START DATA PROVIDED

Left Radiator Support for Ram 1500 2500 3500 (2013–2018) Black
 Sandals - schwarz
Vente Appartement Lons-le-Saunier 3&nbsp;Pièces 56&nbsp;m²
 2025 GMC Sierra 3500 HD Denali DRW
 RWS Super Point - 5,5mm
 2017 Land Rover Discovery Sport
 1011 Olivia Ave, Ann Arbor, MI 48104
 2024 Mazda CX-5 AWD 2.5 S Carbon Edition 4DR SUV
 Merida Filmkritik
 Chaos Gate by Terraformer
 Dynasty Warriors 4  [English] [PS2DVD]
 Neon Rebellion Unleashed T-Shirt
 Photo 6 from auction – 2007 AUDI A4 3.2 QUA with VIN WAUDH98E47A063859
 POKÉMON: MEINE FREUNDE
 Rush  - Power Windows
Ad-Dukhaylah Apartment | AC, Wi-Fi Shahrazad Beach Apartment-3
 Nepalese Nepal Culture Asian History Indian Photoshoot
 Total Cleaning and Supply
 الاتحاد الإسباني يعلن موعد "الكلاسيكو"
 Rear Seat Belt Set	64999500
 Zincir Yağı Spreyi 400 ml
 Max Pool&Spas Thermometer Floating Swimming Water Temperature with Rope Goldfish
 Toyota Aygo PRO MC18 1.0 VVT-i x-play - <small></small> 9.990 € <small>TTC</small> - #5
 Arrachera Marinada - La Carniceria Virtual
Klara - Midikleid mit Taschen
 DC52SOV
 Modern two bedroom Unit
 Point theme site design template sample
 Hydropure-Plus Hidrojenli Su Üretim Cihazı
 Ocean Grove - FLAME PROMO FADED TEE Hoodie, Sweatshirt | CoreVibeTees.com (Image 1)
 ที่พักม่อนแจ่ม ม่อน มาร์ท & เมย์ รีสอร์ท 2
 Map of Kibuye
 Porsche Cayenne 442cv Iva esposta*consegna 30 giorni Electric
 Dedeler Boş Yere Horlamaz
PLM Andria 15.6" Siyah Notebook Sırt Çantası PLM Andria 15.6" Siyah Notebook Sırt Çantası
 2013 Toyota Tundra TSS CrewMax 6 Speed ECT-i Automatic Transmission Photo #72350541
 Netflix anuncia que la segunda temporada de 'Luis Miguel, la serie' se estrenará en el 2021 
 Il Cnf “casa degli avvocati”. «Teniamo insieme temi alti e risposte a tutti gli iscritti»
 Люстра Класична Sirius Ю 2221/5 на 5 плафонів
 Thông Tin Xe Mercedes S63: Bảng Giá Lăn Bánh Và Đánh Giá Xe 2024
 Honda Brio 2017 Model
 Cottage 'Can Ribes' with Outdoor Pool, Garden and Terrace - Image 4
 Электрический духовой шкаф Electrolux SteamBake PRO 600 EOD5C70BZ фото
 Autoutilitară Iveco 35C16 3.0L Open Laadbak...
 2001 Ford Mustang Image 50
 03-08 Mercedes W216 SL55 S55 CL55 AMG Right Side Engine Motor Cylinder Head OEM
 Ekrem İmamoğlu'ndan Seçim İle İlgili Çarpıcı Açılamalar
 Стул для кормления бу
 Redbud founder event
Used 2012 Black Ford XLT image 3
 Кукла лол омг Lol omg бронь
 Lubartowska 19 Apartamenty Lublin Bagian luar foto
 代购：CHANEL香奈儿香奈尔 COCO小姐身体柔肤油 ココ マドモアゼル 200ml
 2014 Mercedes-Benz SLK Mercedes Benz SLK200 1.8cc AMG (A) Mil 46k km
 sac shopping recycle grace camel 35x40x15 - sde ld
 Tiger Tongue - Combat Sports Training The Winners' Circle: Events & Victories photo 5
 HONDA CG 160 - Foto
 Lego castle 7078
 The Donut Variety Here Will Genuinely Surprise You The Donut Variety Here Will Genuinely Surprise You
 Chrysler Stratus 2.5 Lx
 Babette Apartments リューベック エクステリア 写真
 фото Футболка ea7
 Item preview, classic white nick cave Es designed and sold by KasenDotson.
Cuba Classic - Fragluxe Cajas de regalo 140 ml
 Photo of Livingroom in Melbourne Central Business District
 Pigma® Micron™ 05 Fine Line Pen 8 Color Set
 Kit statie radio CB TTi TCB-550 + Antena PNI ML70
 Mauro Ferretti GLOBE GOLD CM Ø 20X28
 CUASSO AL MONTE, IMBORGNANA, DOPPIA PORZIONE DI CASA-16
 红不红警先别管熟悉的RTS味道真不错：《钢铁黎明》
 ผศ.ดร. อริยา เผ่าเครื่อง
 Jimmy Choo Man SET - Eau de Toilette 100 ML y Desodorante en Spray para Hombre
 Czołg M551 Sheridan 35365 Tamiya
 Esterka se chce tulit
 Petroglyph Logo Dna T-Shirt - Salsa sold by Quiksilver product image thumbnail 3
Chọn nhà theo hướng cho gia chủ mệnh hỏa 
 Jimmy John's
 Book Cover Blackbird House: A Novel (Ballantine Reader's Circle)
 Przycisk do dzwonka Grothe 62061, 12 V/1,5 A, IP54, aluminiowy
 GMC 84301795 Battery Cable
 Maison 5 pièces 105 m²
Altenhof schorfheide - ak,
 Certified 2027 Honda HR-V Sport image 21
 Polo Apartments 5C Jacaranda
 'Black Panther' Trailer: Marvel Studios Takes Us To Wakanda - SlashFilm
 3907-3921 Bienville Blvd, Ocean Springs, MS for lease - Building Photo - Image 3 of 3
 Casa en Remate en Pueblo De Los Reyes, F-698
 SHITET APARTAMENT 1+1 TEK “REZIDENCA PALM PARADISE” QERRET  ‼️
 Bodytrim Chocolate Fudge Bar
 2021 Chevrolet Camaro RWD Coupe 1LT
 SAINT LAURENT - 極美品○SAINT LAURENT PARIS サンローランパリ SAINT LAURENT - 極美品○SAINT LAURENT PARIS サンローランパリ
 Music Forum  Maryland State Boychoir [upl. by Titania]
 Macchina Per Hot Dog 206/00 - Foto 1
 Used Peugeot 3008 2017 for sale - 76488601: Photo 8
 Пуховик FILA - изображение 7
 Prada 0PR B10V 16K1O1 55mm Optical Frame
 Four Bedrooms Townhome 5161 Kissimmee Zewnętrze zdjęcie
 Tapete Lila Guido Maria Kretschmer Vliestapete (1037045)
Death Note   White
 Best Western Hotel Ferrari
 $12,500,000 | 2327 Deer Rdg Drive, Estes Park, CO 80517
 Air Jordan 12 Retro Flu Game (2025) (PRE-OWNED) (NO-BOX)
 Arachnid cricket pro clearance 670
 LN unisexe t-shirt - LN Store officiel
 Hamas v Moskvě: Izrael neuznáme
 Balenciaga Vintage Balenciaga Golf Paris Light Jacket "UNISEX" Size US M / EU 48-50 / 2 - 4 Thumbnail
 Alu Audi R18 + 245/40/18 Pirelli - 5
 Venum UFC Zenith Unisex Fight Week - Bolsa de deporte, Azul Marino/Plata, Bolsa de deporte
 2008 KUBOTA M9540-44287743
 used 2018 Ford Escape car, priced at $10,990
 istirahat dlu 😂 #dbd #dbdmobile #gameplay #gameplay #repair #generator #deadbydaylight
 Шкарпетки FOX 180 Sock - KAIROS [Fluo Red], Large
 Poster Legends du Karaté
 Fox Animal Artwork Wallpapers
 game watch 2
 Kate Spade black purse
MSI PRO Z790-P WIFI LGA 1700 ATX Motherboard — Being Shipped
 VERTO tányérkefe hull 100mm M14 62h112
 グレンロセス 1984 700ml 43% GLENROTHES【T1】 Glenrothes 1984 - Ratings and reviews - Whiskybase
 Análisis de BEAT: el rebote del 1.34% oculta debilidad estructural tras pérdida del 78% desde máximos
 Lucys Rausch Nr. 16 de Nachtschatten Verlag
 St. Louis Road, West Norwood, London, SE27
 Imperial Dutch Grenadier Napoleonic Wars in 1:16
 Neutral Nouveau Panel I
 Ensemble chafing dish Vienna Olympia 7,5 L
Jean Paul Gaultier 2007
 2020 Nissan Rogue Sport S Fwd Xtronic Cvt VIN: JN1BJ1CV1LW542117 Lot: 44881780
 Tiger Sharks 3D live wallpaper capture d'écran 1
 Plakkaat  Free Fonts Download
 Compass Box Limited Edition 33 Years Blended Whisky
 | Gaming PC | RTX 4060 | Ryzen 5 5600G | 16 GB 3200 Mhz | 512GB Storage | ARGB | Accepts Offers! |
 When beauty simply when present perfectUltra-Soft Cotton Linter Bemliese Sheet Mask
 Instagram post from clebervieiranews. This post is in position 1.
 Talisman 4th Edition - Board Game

END DATA PROVIDED

WHAT NEEDS TO BE DONE ::
Quote the listing word for word from its first line through the line in which "Netflix anuncia que" appears.

ANSWER TO THIS TASK ::
Left Radiator Support for Ram 1500 2500 3500 (2013–2018) Black
 Sandals - schwarz
Vente Appartement Lons-le-Saunier 3&nbsp;Pièces 56&nbsp;m²
 2025 GMC Sierra 3500 HD Denali DRW
 RWS Super Point - 5,5mm
 2017 Land Rover Discovery Sport
 1011 Olivia Ave, Ann Arbor, MI 48104
 2024 Mazda CX-5 AWD 2.5 S Carbon Edition 4DR SUV
 Merida Filmkritik
 Chaos Gate by Terraformer
 Dynasty Warriors 4  [English] [PS2DVD]
 Neon Rebellion Unleashed T-Shirt
 Photo 6 from auction – 2007 AUDI A4 3.2 QUA with VIN WAUDH98E47A063859
 POKÉMON: MEINE FREUNDE
 Rush  - Power Windows
Ad-Dukhaylah Apartment | AC, Wi-Fi Shahrazad Beach Apartment-3
 Nepalese Nepal Culture Asian History Indian Photoshoot
 Total Cleaning and Supply
 الاتحاد الإسباني يعلن موعد "الكلاسيكو"
 Rear Seat Belt Set	64999500
 Zincir Yağı Spreyi 400 ml
 Max Pool&Spas Thermometer Floating Swimming Water Temperature with Rope Goldfish
 Toyota Aygo PRO MC18 1.0 VVT-i x-play - <small></small> 9.990 € <small>TTC</small> - #5
 Arrachera Marinada - La Carniceria Virtual
Klara - Midikleid mit Taschen
 DC52SOV
 Modern two bedroom Unit
 Point theme site design template sample
 Hydropure-Plus Hidrojenli Su Üretim Cihazı
 Ocean Grove - FLAME PROMO FADED TEE Hoodie, Sweatshirt | CoreVibeTees.com (Image 1)
 ที่พักม่อนแจ่ม ม่อน มาร์ท & เมย์ รีสอร์ท 2
 Map of Kibuye
 Porsche Cayenne 442cv Iva esposta*consegna 30 giorni Electric
 Dedeler Boş Yere Horlamaz
PLM Andria 15.6" Siyah Notebook Sırt Çantası PLM Andria 15.6" Siyah Notebook Sırt Çantası
 2013 Toyota Tundra TSS CrewMax 6 Speed ECT-i Automatic Transmission Photo #72350541
 Netflix anuncia que la segunda temporada de 'Luis Miguel, la serie' se estrenará en el 2021 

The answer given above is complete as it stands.